Am kommenden Donnerstag nehme ich an der Diskussionsrunde zum Thema „Game-Based Learning. Das Klassenzimmer des 21. Jahrhunderts als digitaler Spielplatz?“ in Berlin teil. Im Zentrum wird die Frage stehen, wie sich mit Computerspielen lernen lässt.
Wenn ich überlege, was ich von Computerspielen gelernt habe, fällt die Antwort kurz aus: Nicht viel – ein bisschen Umgang mit dem Computer vielleicht. Hätte ich die Zeit stattdessen für eine Karriere in der Jungen Union aufgewendet, wäre die Aufwand-Nutzen-Bilanz wahrscheinlich positiver ausgefallen.

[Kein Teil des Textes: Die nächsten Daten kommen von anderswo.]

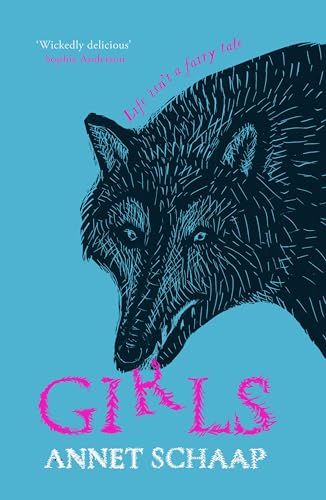Book cover: stylized wolf head illustration over blue with pink title "Girls".
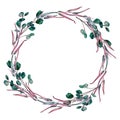 Watercolor wreath of different eucalyptus branches Royalty Free Stock Photo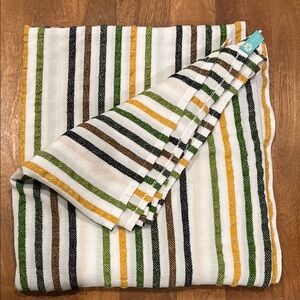 Las Bayadas Ula Blanket - Green Yellow Brown Stripes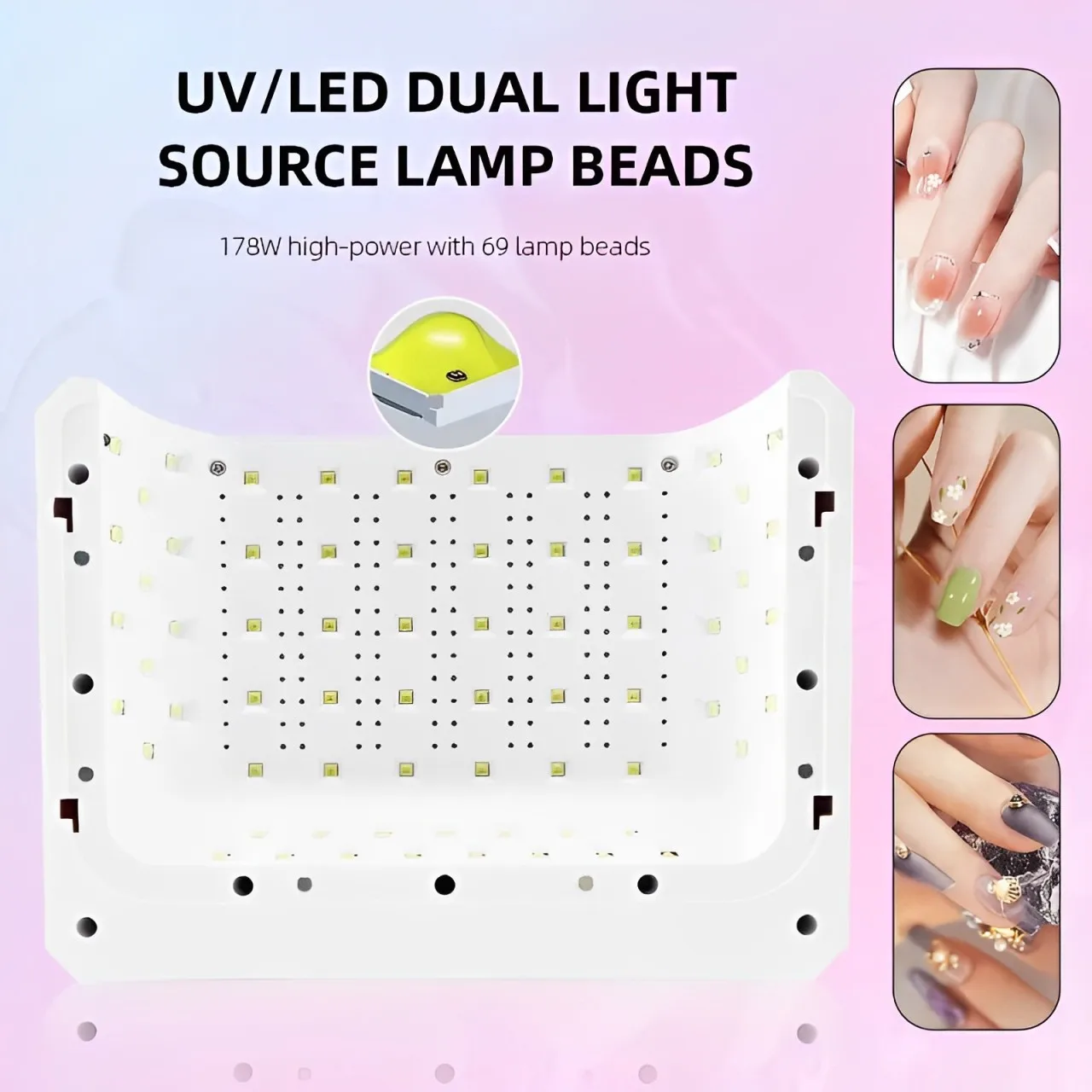 Rechargeable UV LED Nail Lamp 69LEDS Cordless Nail Dryer for Gel Polish Professional Nail Art Manicure Tools For Home And Salon 3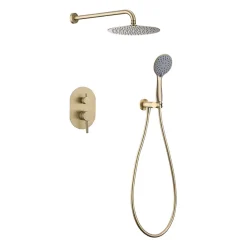 Colonne De Douche Encastrable|Poalgi Ensemble de douche encastré mécanique 2 voies SKY BATH or brossé PVD Inox S304 série SOUL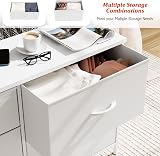 Nicehill White Dresser 5 Drawers Modern Wood Top Steel Frame 30x100x61 view 6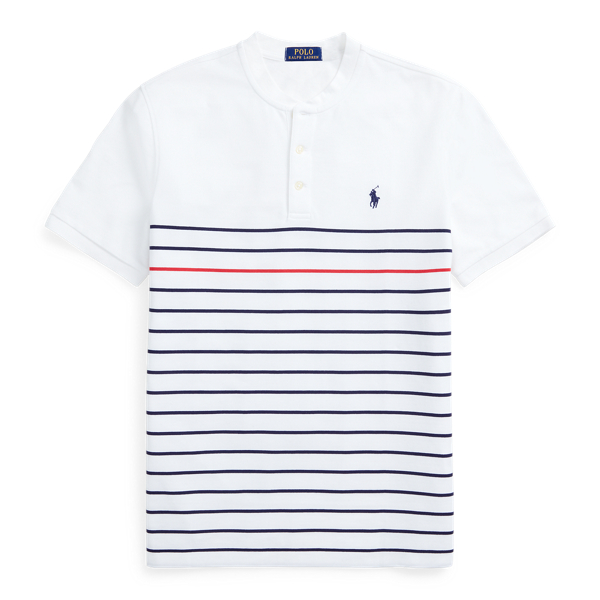 White Multi Striped Featherweight Mesh Henley Shirt Polo Ralph Lauren 2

Warum sollte es sich also lohnen, das Computerspiel-Monster in die Klassenzimmer zu lassen und dabei zuzusehen, wie es die wertvolle Zeit unserer Kinder frisst und dadurch all die Baletttänzerinnen und Spitzensportler in spe nutzlos vor dem Bildschirm verkümmern lässt? Gibt es nicht so viel nützlichere Dinge in der Welt als Computerspiele?
Die Antwort auf diese Frage ist schwieriger, als man denkt, denn Zeit, die fürs Spielen aufgewendet wird, ist keineswegs verlorene Zeit. Neuere Untersuchungen zeigen, dass nichts das Gehirn so anregt wie Spielen. Stuart Brown beschreibt es in seinem Buch „Play“ wie folgt:
When we play, we are engaged in the purest expression of our humanity, the truest expression of our individuality. Is it any wonder that often the times we feel most alive, those that make up our best memories, are moments of play? (S. 5) […] Once people understand what play does for them, they can learn to bring a sense of excitement and adventure back to their lives, make work an extension of their play lives, and engage fully with the world. I don’t think it is too much to say that play can save your life. (S. 11)
Das Gegenteil von Spielen, so Brown weiter, ist nicht Arbeiten, sondern Depression. Ein Leben ohne Spiel wäre ein Leben ohne Bücher, Filme, Kunst, Musik, Witze, Theater, Flirt, Tagträume und Ironie. Mit anderen Worten: Ohne Spiel wäre das Leben nicht lebenswert.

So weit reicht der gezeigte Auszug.